2. Is het waar dat de voormalige eerste luitenant bij het dienstvak inlichtingen en veiligheid van de Koninklijke Luchtmacht bij haar sollicitatie voor deze functie, drie en een half jaar geleden, heeft gemeld tot de kennissenkring van de nationaal-socialist Constant Kusters te behoren? Had de MID destijds geen problemen met een sollicitante, die de voorman van de Nederlandse neo-nazi's op feesten en partijen ontmoette en geregeld bij hem op de koffie kwam?

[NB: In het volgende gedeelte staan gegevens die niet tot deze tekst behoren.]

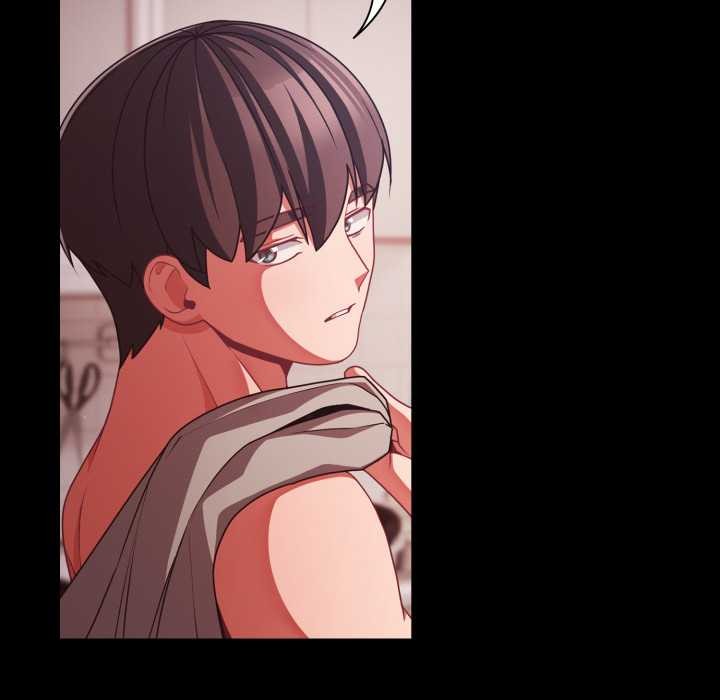 幸福来得太突然第43話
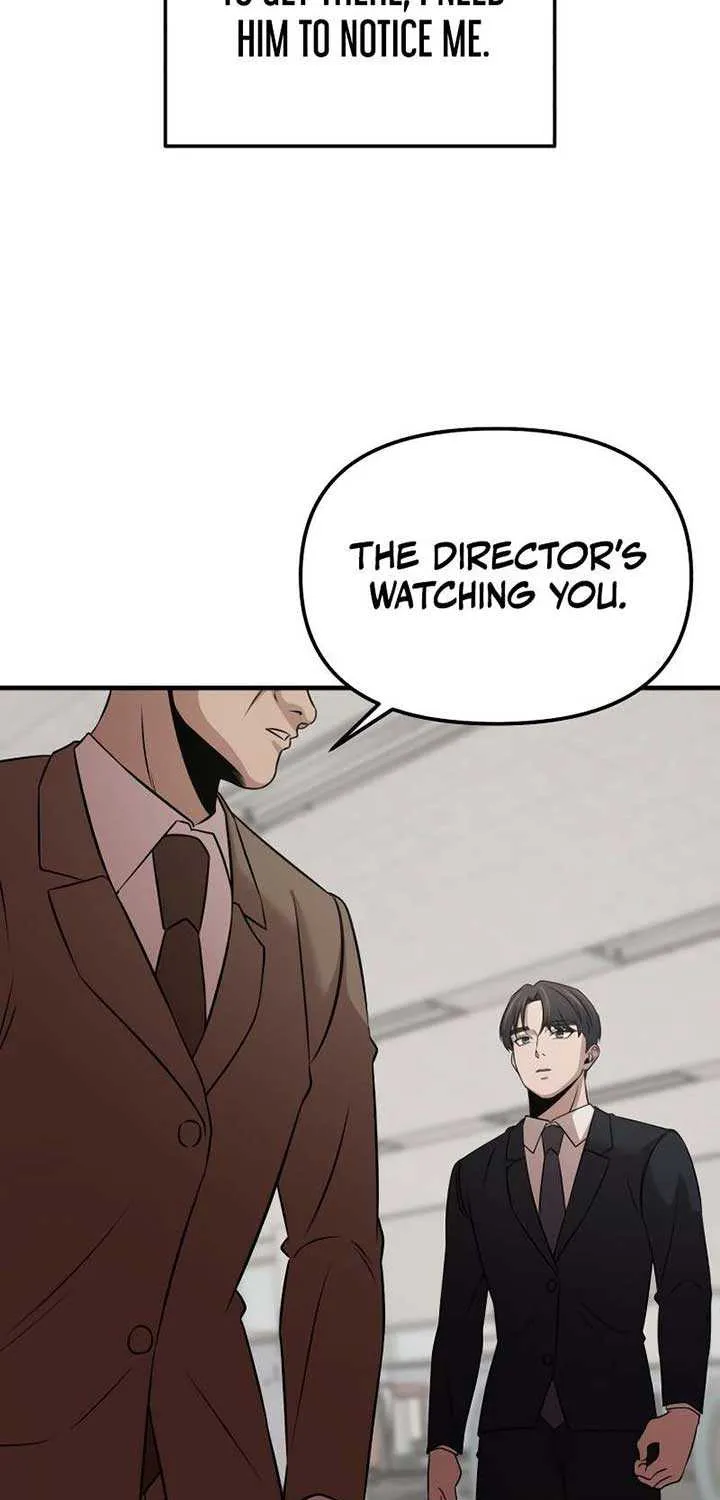 Read When a Genius Office Worker Goes Too Far chapter 9 image 46 on Lezhin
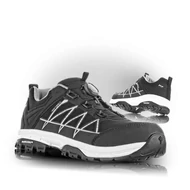 CINCINNATI biztonsági cipő BOA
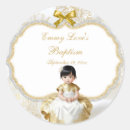 Suche nach baby girl christening aufkleber Mädchen
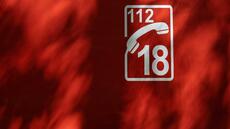 Quatre jeunes Portugais tués dans un accident de la route dans l'Ain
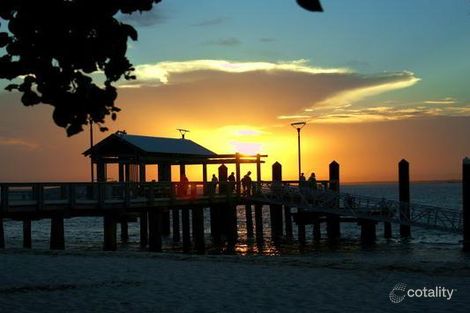 15 Castaway Ct, Banksia Beach, QLD 4507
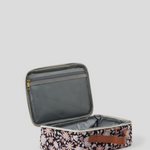 Kids Lunch Bag - floral 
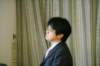 nm_0100_small.jpg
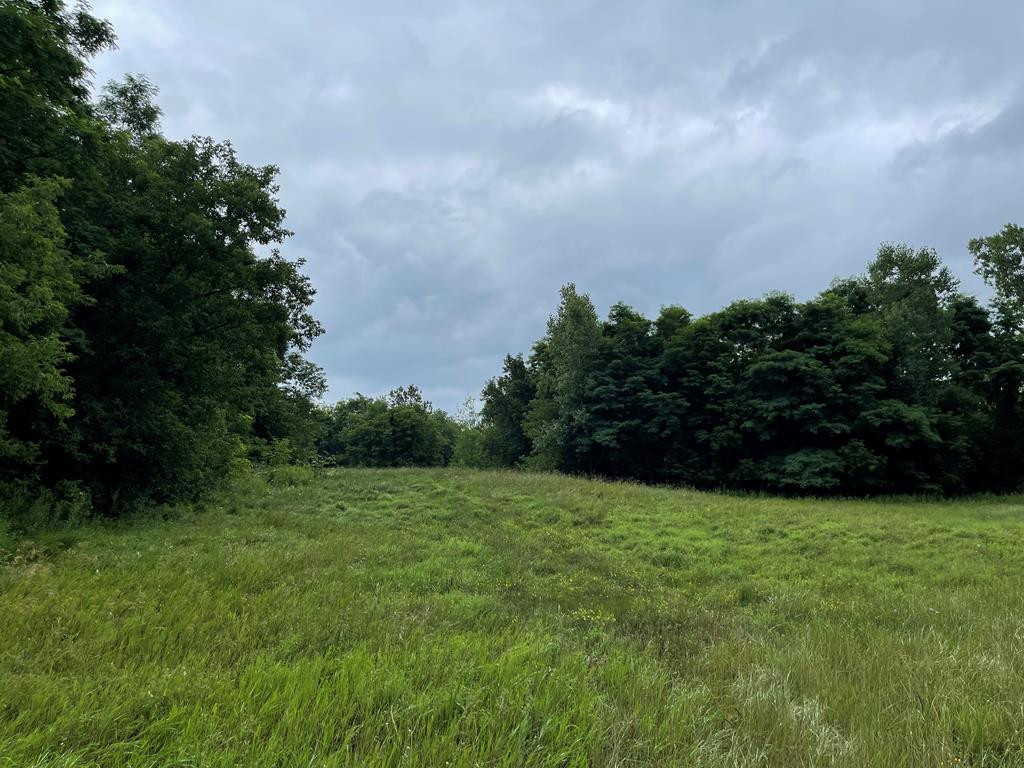 382 Route 276 Champlain NY 12919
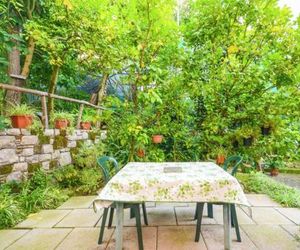 Holiday home Vico II San Valerio Sorrento Italy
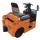 2T economic electric tow truck safe CE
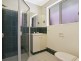22 Elijah Court, Greenwith SA 5125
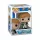 Funko POP! Movie: Superman (2025) - Guy Gardenes figura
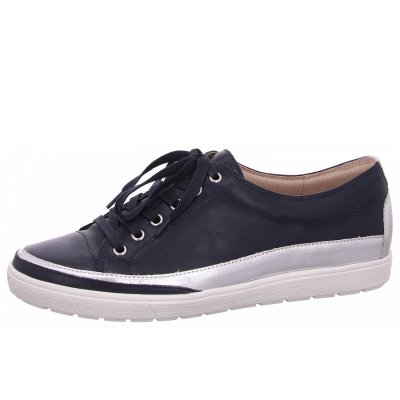 Caprice Sneaker in 880 ocean comb Caprice Sneaker in 880 ocean comb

3. Werd de eerste luitenant alsnog uit haar functie gezet, toen ze 'anderhalf jaar geleden ook nog het bed met Kusters ging delen'? Was dit omdat aan een vertrouwensfunctie eisen worden gesteld die onverenigbaar zijn met intieme omgang met een extreem-rechts kopstuk? Zo nee, waarom werd dan een nieuw veiligheidsonderzoek ingesteld?

4. Bent u, net als wij, van mening dat in het onderhavige geval sprake is van een hogere vertrouwensfunctie? Waar liggen in een dergelijk geval de grenzen voor contact met personen en groeperingen met een veiligheidsrisico? Worden door MID en BVD wat dit betreft dezelfde grenzen gesteld?

5. Wat is uw reactie op de opmerking in het artikel: 'De MID hoopte ongetwijfeld een moderne Mata Hari te hebben binnengehaald die inlichtingen kon inwinnen door aan te pappen met de vijand'?